Problem statement:
Set down, exactly as written, the line containing "Main picture of 17934 Tiara St" and all the lines that follow it to the end of the entries below, omitting every picture.

Records drawn from a dataset
━━━━━━━━━━

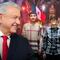 AMLO invita a Yahritza y Su Esencia a cantar en el Zócalo con Grupo Frontera por el 15 de septiembre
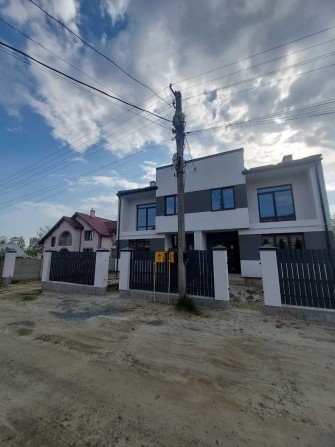 Продаж котеджу Зимна вода - фото 1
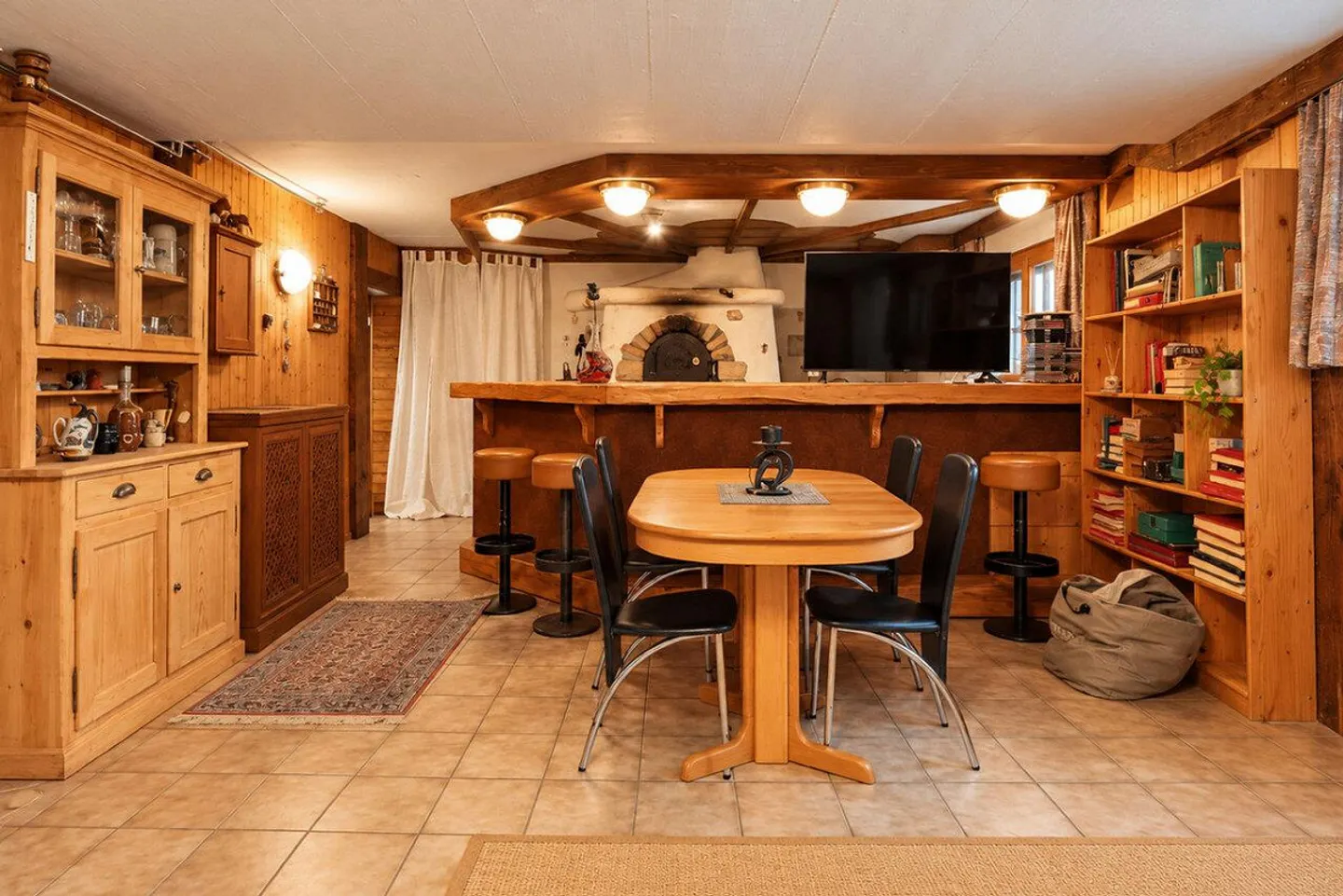 6.5-Room Family Paradise Villa with Generous Surroundings - Photo 20 of 29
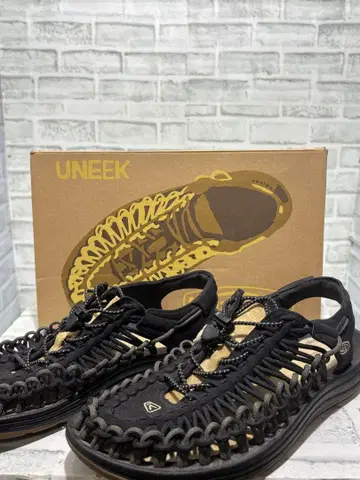 새상품급 KEEN JOURNALSTANDARD 별주 UNEEK 샌들
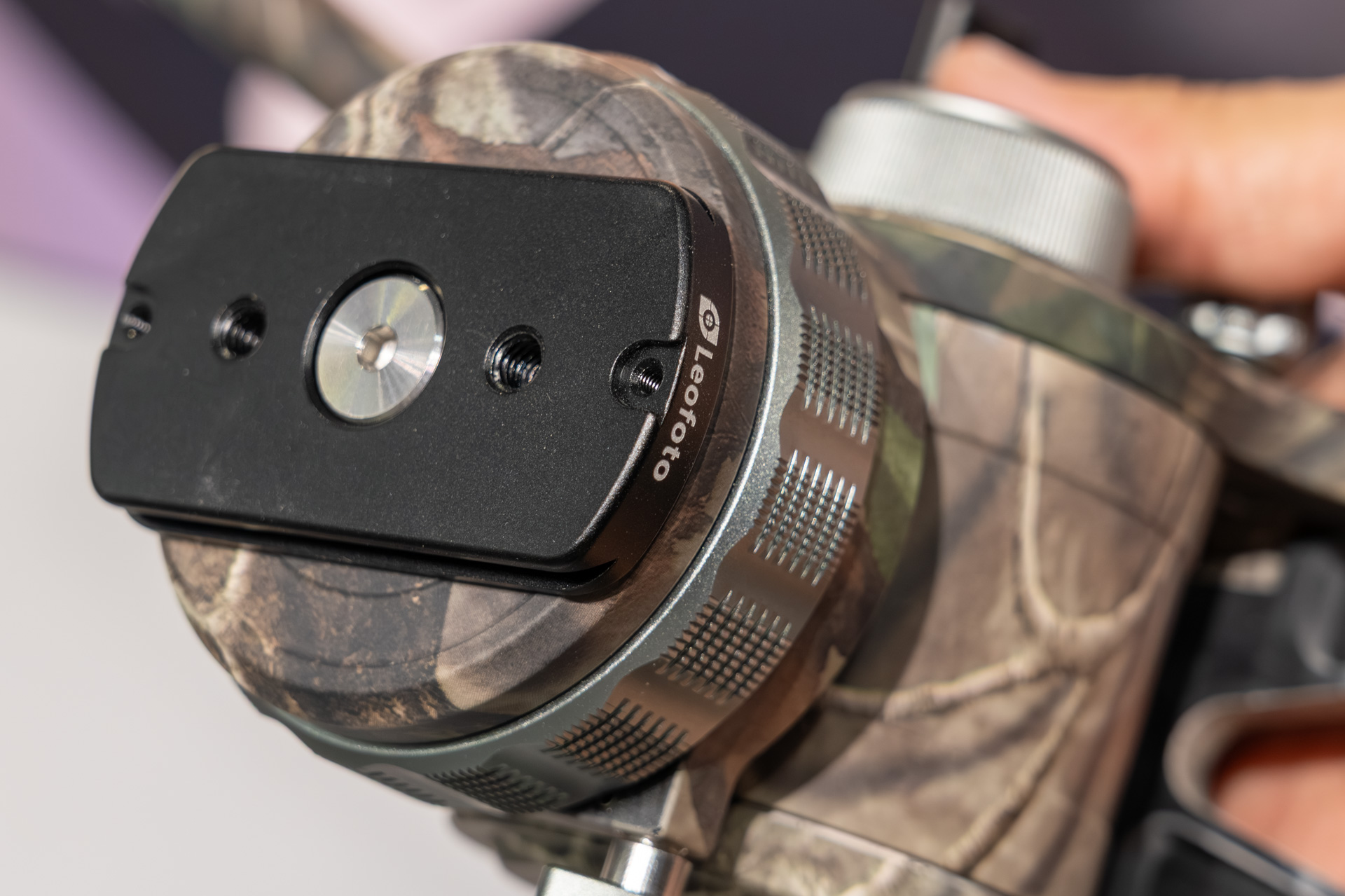 「あまり知られていない」（Deng氏）と見せてくれたのが雲台をクイックシューに対応させるプレート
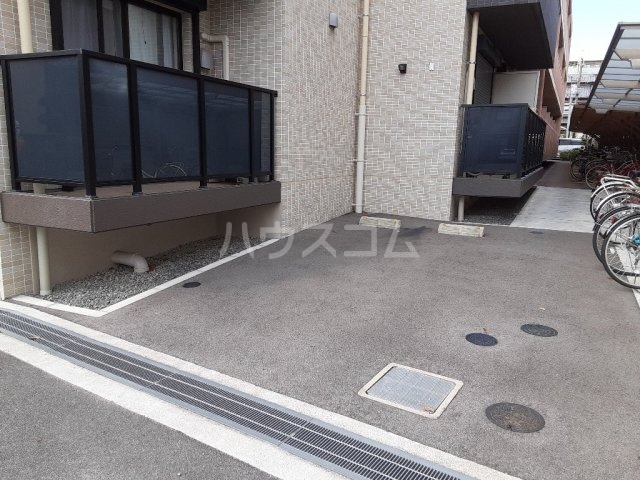 21/30 駐車場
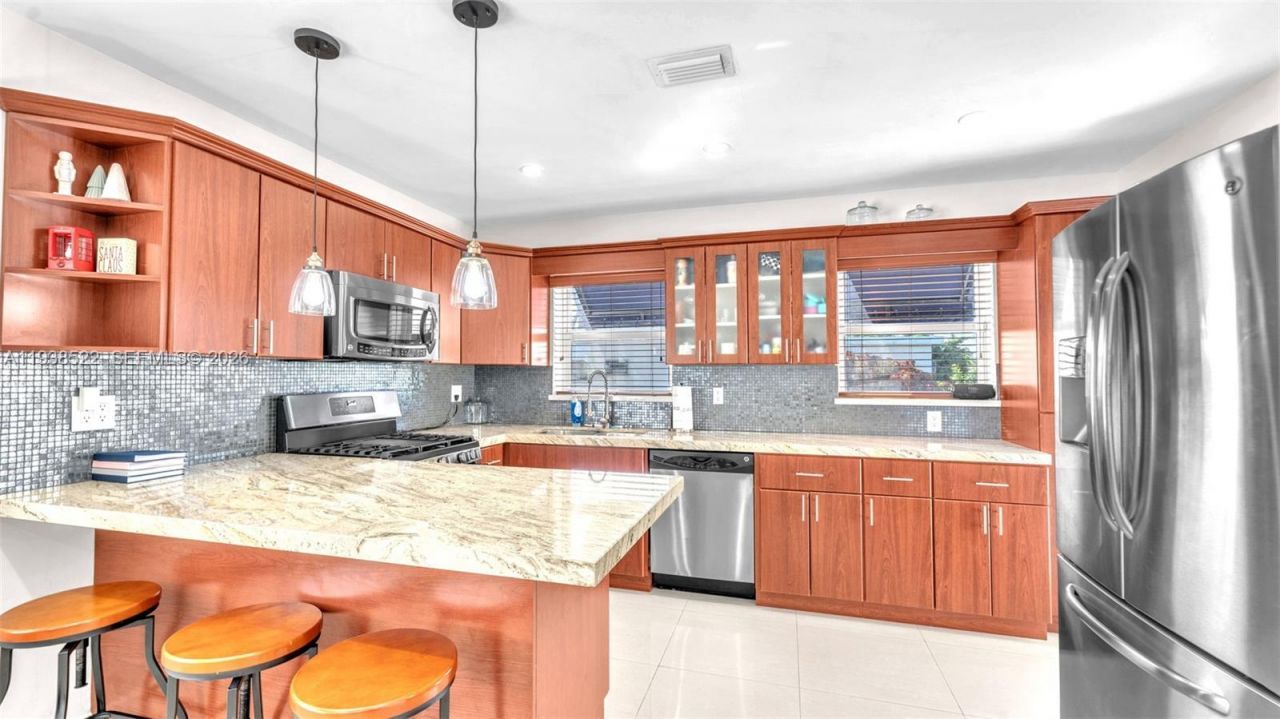 8261 SW 27th St, Miami, FL 33155 Photo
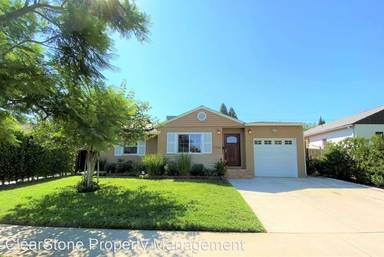 Main picture of 17934 Tiara St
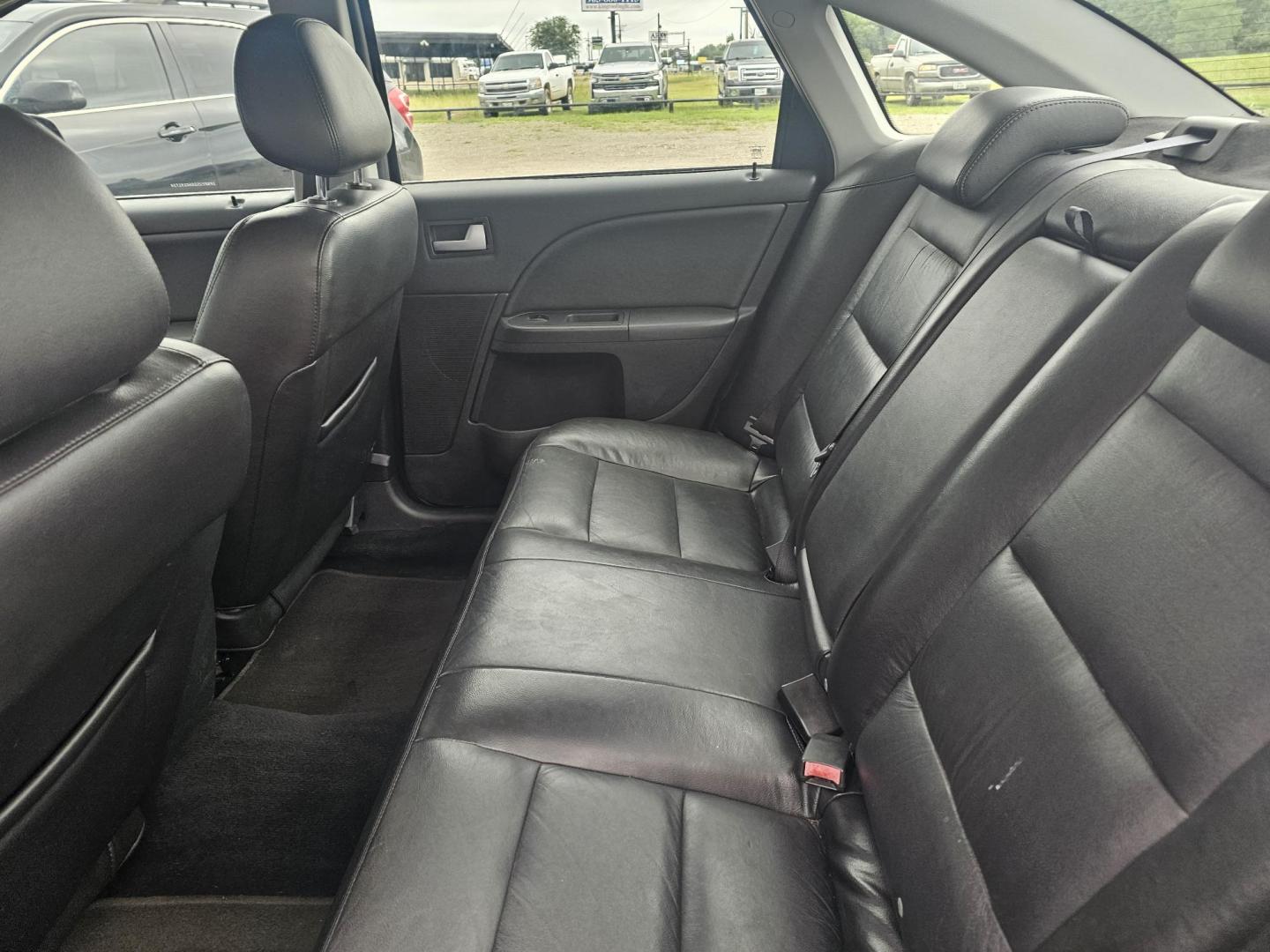 2005 MAROON Ford Five Hundred Limited (1FAFP25105G) with an 3.0L V6 DOHC 24V engine, 6-Speed Automatic Overdrive transmission, located at 607 S Seven Points BLVD, Seven Points, TX, 75143, (430) 255-4030, 32.313934, -96.207932 - Photo#5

━━━━━━━━━━

Answer below:
 Main picture of 17934 Tiara St
 2005 MAROON Ford Five Hundred Limited (1FAFP25105G) with an 3.0L V6 DOHC 24V engine, 6-Speed Automatic Overdrive transmission, located at 607 S Seven Points BLVD, Seven Points, TX, 75143, (430) 255-4030, 32.313934, -96.207932 - Photo#5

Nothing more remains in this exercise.